Segment Open

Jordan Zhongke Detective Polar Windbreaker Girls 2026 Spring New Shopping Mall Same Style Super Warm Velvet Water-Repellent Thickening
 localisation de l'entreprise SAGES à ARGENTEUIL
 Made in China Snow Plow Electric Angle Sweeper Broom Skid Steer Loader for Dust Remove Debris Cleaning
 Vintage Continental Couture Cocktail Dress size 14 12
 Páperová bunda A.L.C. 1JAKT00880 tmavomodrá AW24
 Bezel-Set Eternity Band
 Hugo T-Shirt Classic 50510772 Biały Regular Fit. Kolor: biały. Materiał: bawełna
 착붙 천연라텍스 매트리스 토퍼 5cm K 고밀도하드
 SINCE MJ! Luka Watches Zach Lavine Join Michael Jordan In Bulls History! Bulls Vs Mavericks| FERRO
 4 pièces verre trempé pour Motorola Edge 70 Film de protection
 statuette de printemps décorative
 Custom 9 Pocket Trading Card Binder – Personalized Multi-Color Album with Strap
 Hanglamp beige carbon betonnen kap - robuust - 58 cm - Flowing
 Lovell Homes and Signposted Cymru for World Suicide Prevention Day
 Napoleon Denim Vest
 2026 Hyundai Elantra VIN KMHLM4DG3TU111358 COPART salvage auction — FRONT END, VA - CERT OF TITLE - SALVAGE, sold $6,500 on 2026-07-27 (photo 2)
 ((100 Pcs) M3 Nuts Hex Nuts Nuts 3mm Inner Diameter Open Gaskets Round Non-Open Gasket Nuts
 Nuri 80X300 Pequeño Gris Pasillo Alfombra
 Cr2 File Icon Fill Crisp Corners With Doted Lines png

Segment Closed

Your answer should be exactly the lines of the data above, from the first through the line containing "Vintage Continental Couture".

### TASK RESULT:
Jordan Zhongke Detective Polar Windbreaker Girls 2026 Spring New Shopping Mall Same Style Super Warm Velvet Water-Repellent Thickening
 localisation de l'entreprise SAGES à ARGENTEUIL
 Made in China Snow Plow Electric Angle Sweeper Broom Skid Steer Loader for Dust Remove Debris Cleaning
 Vintage Continental Couture Cocktail Dress size 14 12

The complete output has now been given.